White House Press Secretary Jay Carney: "This delegation represents the diversity that is the United States. All our delegation members are distinguished by their accomplishments in government service, in civic activism and in sports. And we are proud of each and every one of them and think they will serve as great ambassadors of the United States to the Olympic Games. We have been very clear — the president has been very clear that he finds it offensive, the anti-LGBT legislation in Russia, for example."
India is calling on the United States to drop charges against a diplomat accused of underpaying a domestic helper and committing visa fraud to win her entry into the country. Devyani Khobragade, India’s deputy consul general in New York, was arrested last week and strip-searched, prompting Indian government charges of mistreatment and potentially even conspiracy.
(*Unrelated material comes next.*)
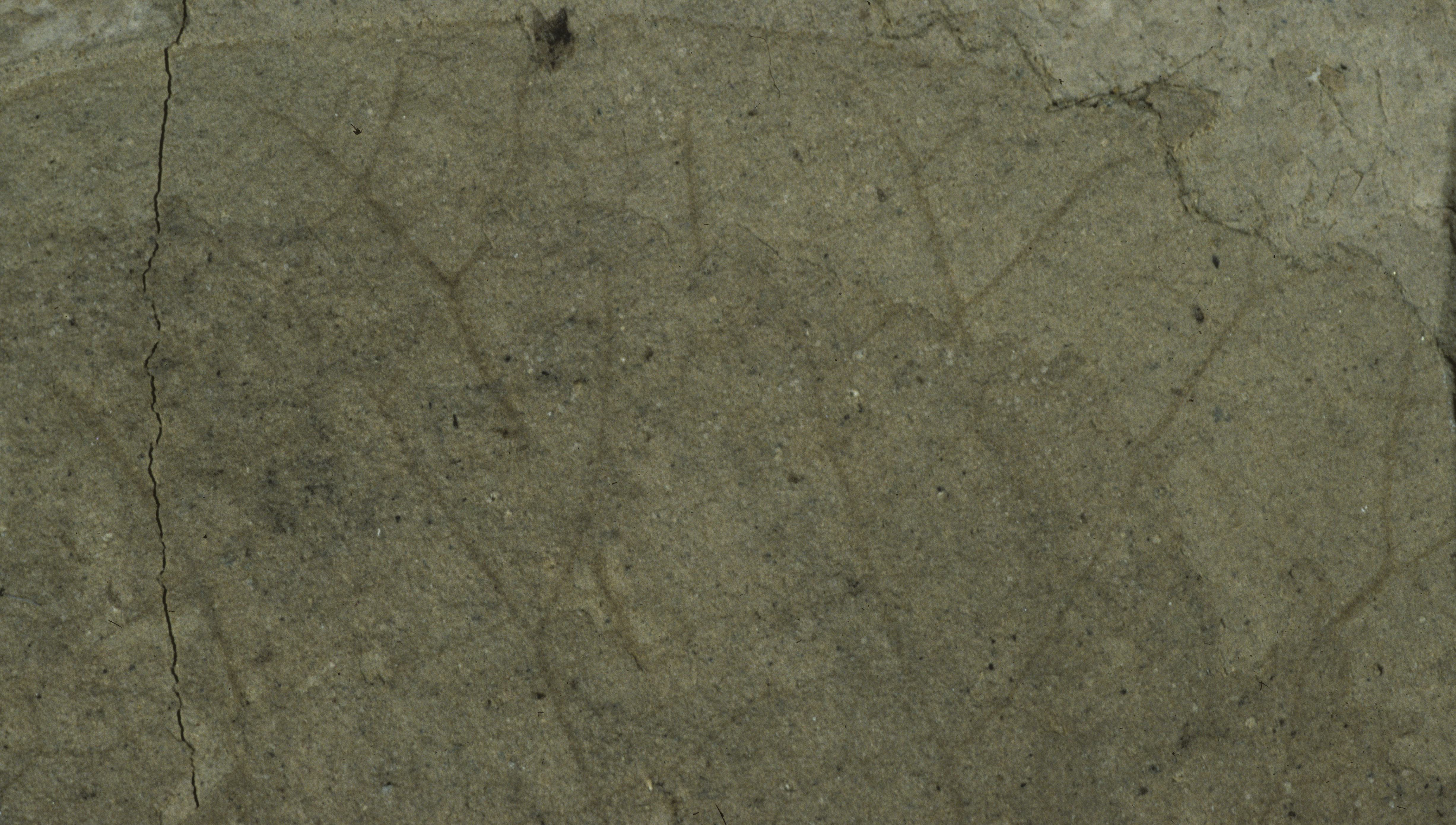 Sample 1 Image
In Washington, a State Department spokesperson said Secretary of State John Kerry has expressed "regret" to the Indian government.
Marie Harf: "As a father of two daughters about the same age [as Devyani Khobragade], the secretary empathizes with the sensitivities we are hearing from India about the events that unfolded after the arrests. And in his conversation with National Security Adviser Menon, he expressed his regret, as well as his concern that we not allow this unfortunate public incident to hurt our close and vital relationship with India."
Two new reports are warning of massive human rights violations in secret prisons run by the Syrian government and by Islamist rebels. United Nations investigators say Syrian activists and other citizens have disappeared in a "widespread campaign of terror against the civilian population" by the regime of Bashar al-Assad. The United Nations says the enforced disappearances of Syrian civilians amount to a crime against humanity. A separate study by Amnesty International says the al-Qaeda-linked Islamic State in Iraq and the Levant is operating at least seven secret prisons in rebel-controlled areas of northern Syria. Amnesty says prisoners are facing "a shocking catalogue of abuses" including "torture, flogging, and summary killings." The rebels’ prisoners include children as young as eight years old.